__Records drawn from a dataset__.
================

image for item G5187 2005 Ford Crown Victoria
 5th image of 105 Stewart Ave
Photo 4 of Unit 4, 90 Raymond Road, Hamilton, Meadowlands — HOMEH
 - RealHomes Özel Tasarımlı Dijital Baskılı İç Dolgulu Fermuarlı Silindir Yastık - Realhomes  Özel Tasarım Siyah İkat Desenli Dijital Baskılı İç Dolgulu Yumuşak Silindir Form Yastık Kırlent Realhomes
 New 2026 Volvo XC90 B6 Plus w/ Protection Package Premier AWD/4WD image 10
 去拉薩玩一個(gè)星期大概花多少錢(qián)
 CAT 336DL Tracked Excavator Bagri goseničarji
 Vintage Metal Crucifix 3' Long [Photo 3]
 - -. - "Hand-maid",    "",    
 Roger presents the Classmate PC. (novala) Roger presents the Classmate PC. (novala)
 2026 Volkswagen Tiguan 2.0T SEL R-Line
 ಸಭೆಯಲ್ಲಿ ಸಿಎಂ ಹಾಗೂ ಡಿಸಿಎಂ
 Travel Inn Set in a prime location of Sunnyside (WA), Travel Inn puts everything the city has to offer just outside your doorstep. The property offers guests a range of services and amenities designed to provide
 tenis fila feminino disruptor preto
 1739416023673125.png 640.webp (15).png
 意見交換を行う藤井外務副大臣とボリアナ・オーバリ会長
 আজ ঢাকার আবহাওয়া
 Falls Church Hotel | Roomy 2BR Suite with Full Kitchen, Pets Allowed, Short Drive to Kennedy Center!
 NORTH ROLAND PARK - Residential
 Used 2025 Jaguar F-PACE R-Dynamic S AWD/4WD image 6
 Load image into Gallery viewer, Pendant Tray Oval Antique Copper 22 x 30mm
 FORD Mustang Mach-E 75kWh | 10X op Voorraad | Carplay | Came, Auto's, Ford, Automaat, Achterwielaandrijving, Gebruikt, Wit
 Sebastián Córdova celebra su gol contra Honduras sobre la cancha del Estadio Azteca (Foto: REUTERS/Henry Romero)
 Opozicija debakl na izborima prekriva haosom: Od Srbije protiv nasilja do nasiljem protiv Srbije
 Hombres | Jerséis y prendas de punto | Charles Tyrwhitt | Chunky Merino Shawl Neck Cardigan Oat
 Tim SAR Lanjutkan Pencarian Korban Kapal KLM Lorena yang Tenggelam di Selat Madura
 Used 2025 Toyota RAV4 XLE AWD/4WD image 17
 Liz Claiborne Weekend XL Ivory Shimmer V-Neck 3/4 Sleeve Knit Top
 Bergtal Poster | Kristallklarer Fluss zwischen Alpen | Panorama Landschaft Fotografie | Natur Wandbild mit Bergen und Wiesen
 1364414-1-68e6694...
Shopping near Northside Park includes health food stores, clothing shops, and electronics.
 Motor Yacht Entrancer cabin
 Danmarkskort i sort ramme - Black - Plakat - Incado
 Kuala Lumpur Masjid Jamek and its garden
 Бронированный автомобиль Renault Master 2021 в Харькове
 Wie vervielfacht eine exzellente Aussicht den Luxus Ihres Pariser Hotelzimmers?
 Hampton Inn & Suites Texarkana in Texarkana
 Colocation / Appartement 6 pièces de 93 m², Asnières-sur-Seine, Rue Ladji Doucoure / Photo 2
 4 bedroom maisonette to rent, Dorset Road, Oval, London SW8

================

__What you should do__. Return all of the lines above exactly, with none omitted.

__Answer to the exercise__.
image for item G5187 2005 Ford Crown Victoria
 5th image of 105 Stewart Ave
Photo 4 of Unit 4, 90 Raymond Road, Hamilton, Meadowlands — HOMEH
 - RealHomes Özel Tasarımlı Dijital Baskılı İç Dolgulu Fermuarlı Silindir Yastık - Realhomes  Özel Tasarım Siyah İkat Desenli Dijital Baskılı İç Dolgulu Yumuşak Silindir Form Yastık Kırlent Realhomes
 New 2026 Volvo XC90 B6 Plus w/ Protection Package Premier AWD/4WD image 10
 去拉薩玩一個(gè)星期大概花多少錢(qián)
 CAT 336DL Tracked Excavator Bagri goseničarji
 Vintage Metal Crucifix 3' Long [Photo 3]
 - -. - "Hand-maid",    "",    
 Roger presents the Classmate PC. (novala) Roger presents the Classmate PC. (novala)
 2026 Volkswagen Tiguan 2.0T SEL R-Line
 ಸಭೆಯಲ್ಲಿ ಸಿಎಂ ಹಾಗೂ ಡಿಸಿಎಂ
 Travel Inn Set in a prime location of Sunnyside (WA), Travel Inn puts everything the city has to offer just outside your doorstep. The property offers guests a range of services and amenities designed to provide
 tenis fila feminino disruptor preto
 1739416023673125.png 640.webp (15).png
 意見交換を行う藤井外務副大臣とボリアナ・オーバリ会長
 আজ ঢাকার আবহাওয়া
 Falls Church Hotel | Roomy 2BR Suite with Full Kitchen, Pets Allowed, Short Drive to Kennedy Center!
 NORTH ROLAND PARK - Residential
 Used 2025 Jaguar F-PACE R-Dynamic S AWD/4WD image 6
 Load image into Gallery viewer, Pendant Tray Oval Antique Copper 22 x 30mm
 FORD Mustang Mach-E 75kWh | 10X op Voorraad | Carplay | Came, Auto's, Ford, Automaat, Achterwielaandrijving, Gebruikt, Wit
 Sebastián Córdova celebra su gol contra Honduras sobre la cancha del Estadio Azteca (Foto: REUTERS/Henry Romero)
 Opozicija debakl na izborima prekriva haosom: Od Srbije protiv nasilja do nasiljem protiv Srbije
 Hombres | Jerséis y prendas de punto | Charles Tyrwhitt | Chunky Merino Shawl Neck Cardigan Oat
 Tim SAR Lanjutkan Pencarian Korban Kapal KLM Lorena yang Tenggelam di Selat Madura
 Used 2025 Toyota RAV4 XLE AWD/4WD image 17
 Liz Claiborne Weekend XL Ivory Shimmer V-Neck 3/4 Sleeve Knit Top
 Bergtal Poster | Kristallklarer Fluss zwischen Alpen | Panorama Landschaft Fotografie | Natur Wandbild mit Bergen und Wiesen
 1364414-1-68e6694...
Shopping near Northside Park includes health food stores, clothing shops, and electronics.
 Motor Yacht Entrancer cabin
 Danmarkskort i sort ramme - Black - Plakat - Incado
 Kuala Lumpur Masjid Jamek and its garden
 Бронированный автомобиль Renault Master 2021 в Харькове
 Wie vervielfacht eine exzellente Aussicht den Luxus Ihres Pariser Hotelzimmers?
 Hampton Inn & Suites Texarkana in Texarkana
 Colocation / Appartement 6 pièces de 93 m², Asnières-sur-Seine, Rue Ladji Doucoure / Photo 2
 4 bedroom maisonette to rent, Dorset Road, Oval, London SW8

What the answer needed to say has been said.